Whatever your reason for visiting this scenic corner of Leicestershire, The Yews is a fantastic setting for enjoying delicious traditional pub food and a glass of hoppy cask ale, in an attractive countryside setting.Read more...
A handsome, brick-built 19th century pub, The Yews lies at the centre of the beautiful village of Great Glen, whose fascinating history belies its diminutive size. The village developed in 1272, when the Lord of the Manor was given the right to hold a market at Great Glen, as well as a yearly fair on the vigil of St. Cuthbert – this latter fact probably influencing the naming of Great Glen’s present St. Cuthbert’s Church, which contains two carved stones predating the conquest; believed to date from as far back as the 8th century.

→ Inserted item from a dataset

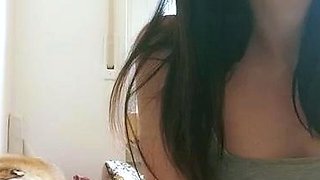 Small titted brunette teen fingering on the bed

Great Glen was of importance during the civil war, when, after the decisive Battle of Naseby in 1645, the royalists were pursued as far as Great Glen, where the chase was checked by royalist horsemen commandeered by the Earl of Lichfield. William Hewitt, then Lord of the Manor of Great Glen, was an active parliamentarian, and the day after the crucial battle at Naseby, the main parliamentary army marched to Great Glen, before their attack on Leicester. As Leicester became a hotbed for the Industrial revolution, small-scale industry became prominent in Great Glen during the 19th century, with most of the population working as framework-knitters.
Leicester is a city with a spellbinding history, spanning over 2,000 years in which it has played a significant part in everything from the Roman conquest of Britain to the age of the ‘Angry Young Men’, influential mid-20th century realist British playwrights. Believed to have originated as a Celtic settlement, Leicester was captured by the Romans in 47AD. A fort was quickly erected in the area, and although the Romans moved on about 80AD, the town remained wealthy and productive. Leicester reached prominence during the medieval period, a time where wealth created buildings like the spectacular Grade I listed timber Leicester Guildhall dating from 1390, and the stunning Leicester Cathedral, still standing majestically in the city’s centre. The civil war took its toll on the town, as the king’s army laid siege to the city in 1645, but Leicester recovered remarkably quickly, and many of its most impressive pre-civil war architecture, like Wyggeston’s Chantry House (owned by a prominent wool merchant) still remain in their original splendour.
Leicester also held importance throughout the industrial revolution, completing a canal on the breathtaking River Soar in 1794, to transport coal and iron, and became a major player in the shirt trade. The last century has seen a real development in the area’s rich culture. The renowned playwright Joe Orton was born in Leicester, and grew up in the region – and his legacy is reflected in the city’s stunning theatre, The Curve, and the attractive open square it lies in, named Orton Square in tribute. The University of Leicester offers fascinating architectural variety, combining dramatic modern glass structures with handsome traditional brick buildings, and the university’s library holds rare manuscripts and correspondence from notable literary figures including Joe Orton, American poet Laura Riding, and Sue Townsend, author of the much loved Adrian Mole novels. Just three miles across this handsome Roman city, the contemporary National Space Centre offers an incredible range of attractions – from the UK’s only Soyuz spaceship (created by the former Soviet Union), to the impressive shows of the Sir Patrick Moore Planetarium.